The mission assigned to me as Commanding General of Fort Dix is to administer basic combat training to approximately 15,000 men at any given time. These men spend a period of eight weeks here during which they perform their training on very vigorous schedules occupying virtually all of their time. I am not in a position to dilute the quality of this training by expanding these schedules to include time to attend political campaigning and speeches. Political campaigning on Fort Dix cannot help but interfere with our training and other military missions.

To decide otherwise could also give the appearance that you or your campaign is supported by me in my official capacity . . . .84

Fort Dix, and virtually every Army installation, had regulations that were based on Army Regulation 210-10, which prohibited “picketing, demonstrations, sit-ins, protest marches, political speeches, and similar activities. . . .”85

Upon receiving the general’s letter, Dr. Spock and his allies responded with another letter, this time informing General David that they intended to campaign on Fort Dix on 23 September 1972, even in the face of his denial.86 Dr. Spock also turned to the press, informing them that General David had “denied permission” for him to campaign for the presidency at Fort Dix.87 Dr. Spock would turn to the press during each step of the legal battle to ensure their anti-war message received maximum publicity.

While Fort Dix was normally unguarded, on 23 September 1972, General David sent representatives to the front gate to deny Spock and his entourage admittance.88 After briefly conferring with Dr. Spock, several Army officials “quietly” denied Dr. Spock and his entourage access to the post.89 The Los Angeles Times reported that Dr. Spock was “rebuffed as expected.”90 Dr. Spock defiantly told reporters, “If a soldier is allowed to vote, then he should be allowed to hear the issues and meet the candidates.”91 Dr. Spock then told the press that he planned to take legal action to gain access to the base.92

The First Legal Skirmish—An Early Defeat for Dr. Spock

True to his word, Dr. Spock sought a preliminary injunction to allow him to make a political address and pass out campaign literature at Fort Dix.
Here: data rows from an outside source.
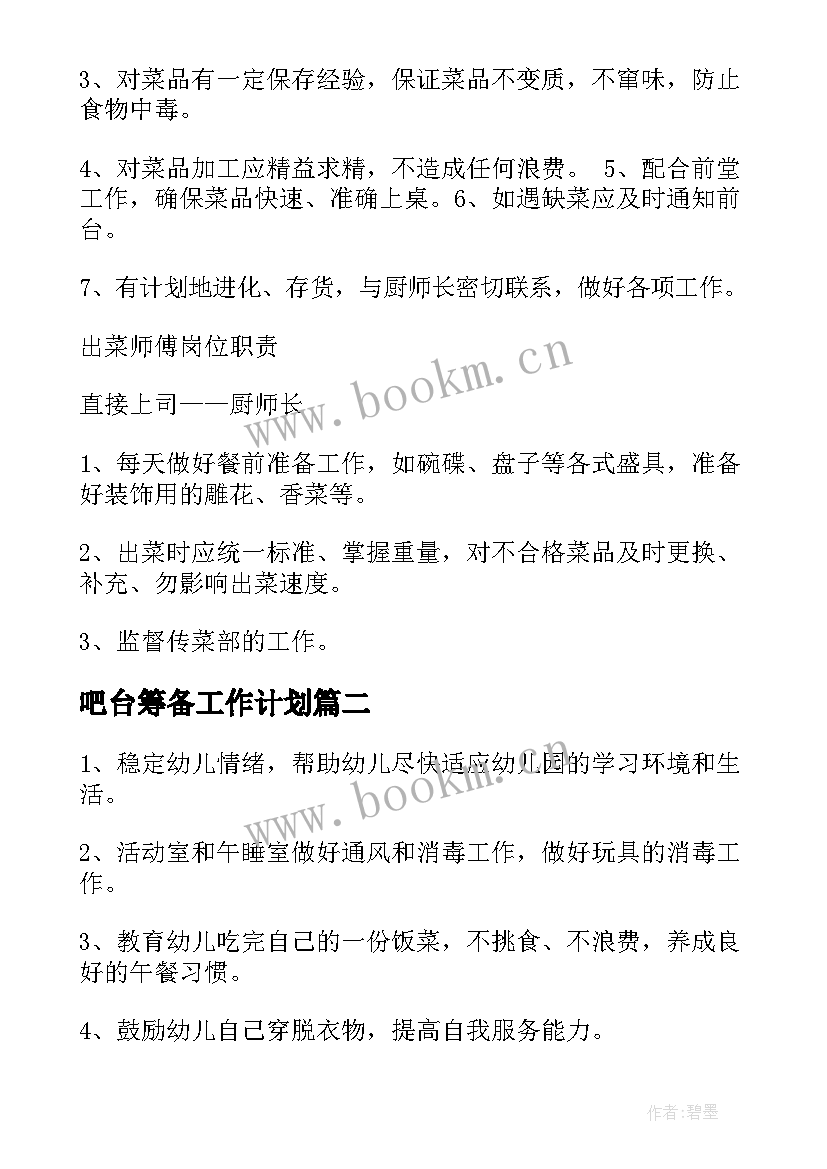 最新吧台筹备工作计划(汇总9篇)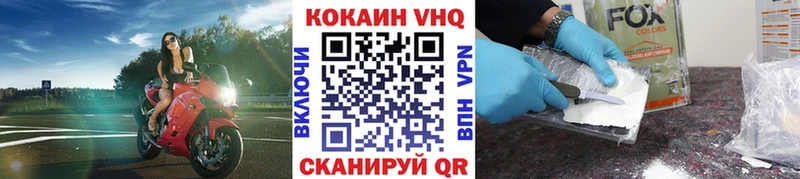 КОКАИН Перу  Давлеканово 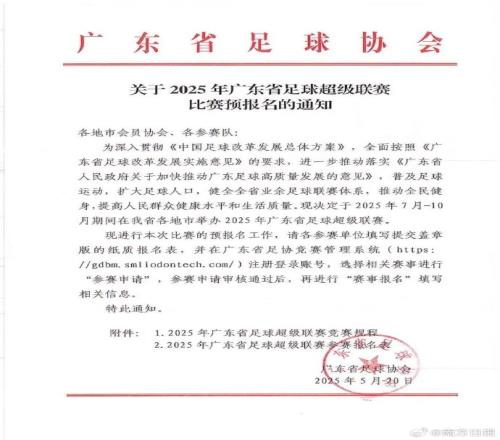广东计划在710月举行粤超禁止各职业联赛注册运动员参赛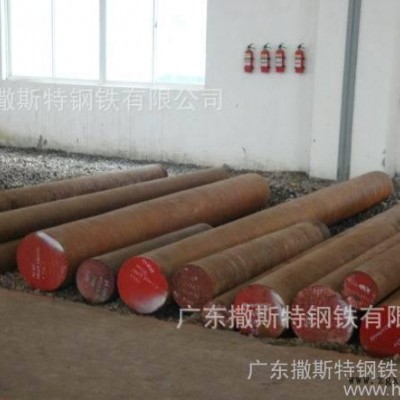 美国芬可乐渗碳型塑料模具钢P1模具钢可零卖定制图1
An emergency hearing was held on 4 October 1972. The district court judge, Clarkson Fisher, commented that it was “interesting to note” that Dr. Spock and the other campaigners have allied themselves in the litigation with the anti-Vietnam War activists.93 This cryptic remark seemed to suggest that Judge Fisher thought Dr. Spock’s political campaign was really simply a cover to spread anti-war propaganda. Judge Fisher went on to say that the “primary military mission at Fort Dix is training” and anything that would “interfere with the mission of the Command makes no sense whatsoever.”94 He then rejected Dr. Spock’s injunction on 12 October 1972, holding that the military “must remain politically antiseptic.”95

Flower Blossoms

Not surprisingly, Dr. Spock immediately appealed the district court’s decision to the U.S. Court of Appeals for the Third Circuit. The Third Circuit conceded that the military exercised jurisdiction “over the entire reservation” but concluded, “[E]xercise of such jurisdiction does not imply the power to selectively exclude persons solely on the ground of exercise of rights protected by the first amendment.”96 The court relied primarily on the 1972 Supreme Court case Flower v. United States to reach its conclusion. The facts in Flower were remarkably similar to the facts in Spock. Flower involved an anti-war activist, John Thomas Flower, who was “quietly distributing leaflets on New Braunfels Avenue” within the limits of Fort Sam Houston, Texas.97 Just like Fort Dix, the Commanding General of Fort Sam Houston allowed civilians to travel on the military installation’s streets and walk on the installation’s sidewalks. Both Fort Dix and Fort Sam Houston employed no sentries or guards at the entrances. Essentially, both posts were “open” to the public. The commander of Fort Sam Houston had previously barred Flower from the post, and so Flower was arrested by the military police when he subsequently attempted to distribute “unauthorized leaflets.”98 Flower was sentenced to six months in prison.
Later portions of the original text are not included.